The Nirbhaya justice after a gap of seven years certainly does not provide answers to continuing incidents of rape. The interminable time through which it was withheld may go against the presumptive and corrective nature of the verdict itself. It must make us address the faultlines in legal and judicial powers of the Courts. Justice has been delivered to Nirbhaya but that does not allow us the comforts of a safe women-space in the public. Nor does the punishment of the crime, a necessary legal procedure, make us believe in the institution of Judiciary. So the legitimate implications of capital punishment, even though it becomes absolutely necessary a punitive step in view of the crime committed, might not necessarily succeed on every occasion to provide legal respite to mitigate future crimes. It can also fuel deep crisis for distributive justice.
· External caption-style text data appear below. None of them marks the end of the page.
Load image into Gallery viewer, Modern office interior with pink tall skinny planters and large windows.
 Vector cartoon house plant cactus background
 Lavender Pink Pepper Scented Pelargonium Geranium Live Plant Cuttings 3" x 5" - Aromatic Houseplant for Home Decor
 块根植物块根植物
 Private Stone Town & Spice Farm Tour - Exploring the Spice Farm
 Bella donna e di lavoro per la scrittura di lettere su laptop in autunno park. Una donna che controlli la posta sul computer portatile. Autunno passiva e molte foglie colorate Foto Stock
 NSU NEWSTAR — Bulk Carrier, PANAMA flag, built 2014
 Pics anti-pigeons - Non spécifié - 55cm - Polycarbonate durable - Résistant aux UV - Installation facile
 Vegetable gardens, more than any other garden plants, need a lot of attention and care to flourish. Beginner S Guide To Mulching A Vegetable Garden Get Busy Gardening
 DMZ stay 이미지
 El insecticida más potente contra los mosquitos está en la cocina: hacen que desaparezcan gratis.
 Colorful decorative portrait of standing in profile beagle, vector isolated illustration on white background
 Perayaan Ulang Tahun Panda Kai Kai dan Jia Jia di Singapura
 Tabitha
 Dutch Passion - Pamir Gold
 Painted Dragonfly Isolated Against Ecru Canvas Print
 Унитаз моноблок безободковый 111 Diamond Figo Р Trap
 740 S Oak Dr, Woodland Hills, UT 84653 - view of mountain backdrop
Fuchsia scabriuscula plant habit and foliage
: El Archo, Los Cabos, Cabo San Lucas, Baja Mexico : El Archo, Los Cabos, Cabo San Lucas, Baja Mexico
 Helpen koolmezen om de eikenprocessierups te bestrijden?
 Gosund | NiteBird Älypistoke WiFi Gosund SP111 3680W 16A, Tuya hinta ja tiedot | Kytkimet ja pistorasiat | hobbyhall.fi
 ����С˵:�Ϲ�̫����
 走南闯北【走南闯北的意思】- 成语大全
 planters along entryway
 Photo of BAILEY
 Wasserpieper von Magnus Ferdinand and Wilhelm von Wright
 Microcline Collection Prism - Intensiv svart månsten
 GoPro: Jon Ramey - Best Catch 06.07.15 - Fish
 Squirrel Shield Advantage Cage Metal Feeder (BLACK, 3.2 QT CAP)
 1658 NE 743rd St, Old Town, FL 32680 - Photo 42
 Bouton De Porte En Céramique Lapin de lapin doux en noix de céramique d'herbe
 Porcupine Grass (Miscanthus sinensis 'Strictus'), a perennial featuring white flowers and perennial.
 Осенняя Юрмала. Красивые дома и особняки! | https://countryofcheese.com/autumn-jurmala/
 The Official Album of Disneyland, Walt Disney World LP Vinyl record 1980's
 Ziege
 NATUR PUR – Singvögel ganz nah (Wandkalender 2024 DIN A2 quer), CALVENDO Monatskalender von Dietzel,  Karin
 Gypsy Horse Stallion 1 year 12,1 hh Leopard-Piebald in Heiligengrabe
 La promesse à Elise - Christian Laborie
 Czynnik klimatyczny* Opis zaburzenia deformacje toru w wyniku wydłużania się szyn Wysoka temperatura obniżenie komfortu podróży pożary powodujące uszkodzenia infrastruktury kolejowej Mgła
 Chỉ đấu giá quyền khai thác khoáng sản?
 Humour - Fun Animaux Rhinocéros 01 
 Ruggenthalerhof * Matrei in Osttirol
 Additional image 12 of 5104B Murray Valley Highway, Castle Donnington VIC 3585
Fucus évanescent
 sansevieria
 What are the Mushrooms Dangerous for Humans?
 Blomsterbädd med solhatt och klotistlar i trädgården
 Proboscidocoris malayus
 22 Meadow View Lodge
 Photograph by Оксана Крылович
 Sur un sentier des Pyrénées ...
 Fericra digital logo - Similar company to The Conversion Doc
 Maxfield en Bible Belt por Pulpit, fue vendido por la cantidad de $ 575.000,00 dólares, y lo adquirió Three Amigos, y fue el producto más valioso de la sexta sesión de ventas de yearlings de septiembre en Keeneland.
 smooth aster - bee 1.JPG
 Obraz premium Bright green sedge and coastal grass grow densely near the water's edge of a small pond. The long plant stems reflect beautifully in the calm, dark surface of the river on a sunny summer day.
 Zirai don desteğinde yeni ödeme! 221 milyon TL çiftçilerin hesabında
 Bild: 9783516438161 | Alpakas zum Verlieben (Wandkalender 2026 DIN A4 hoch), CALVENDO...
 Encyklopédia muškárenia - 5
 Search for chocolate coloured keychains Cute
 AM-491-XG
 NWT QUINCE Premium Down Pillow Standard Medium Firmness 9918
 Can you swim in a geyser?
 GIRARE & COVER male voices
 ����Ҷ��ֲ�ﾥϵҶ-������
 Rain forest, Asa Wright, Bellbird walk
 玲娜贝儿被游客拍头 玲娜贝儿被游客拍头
Prioritizing justice for the public as the highest goal of the law over crime control and preventive reforms has become the easy route to maintain judicial sacrality. The preferential treatment of cases violates the public expectation of distributive justice guaranteed under law. In A Theory of Justice (1971) and Justice as Fairness: Political, not Metaphysical, a 1985 essay, John Rawls prevails upon an egalitarian and libertarian view of social justice and advocates bridging differences and margins through the principle of justice. However, the philosophy of justice even in its broadest sense does not simply indicate the objective of erasing differences or even bringing a balance of harmony and truth against perpetration and violation of humanity but acts as a higher principle and the citizen’s last resort. Constructive mechanisms of punitive measures to prevent the sin in the first place would subsequently reduce the threat of injustice. The easy court orders and criminal tariffs make justice a wholesale product of neo-liberal judicial reforms that democratize and exalt justice instead of demonizing and curtailing the inception of crime. Every movement for We want Justice to a failed critique of rape and an increase in organized criminal behaviour needs to re-position state policies towards the activation of stringent penal rules than on the outcome of the rule of justice. The Nirbhaya rape as a social evil does not come to an end with the Supreme Court’s verdict for execution as a determinative and compelling case. This is because justice cannot be rewritten simply as a retributive closure in history. The verdict’s harsh message celebrates the triumph of justice but not without the human cost of suffering.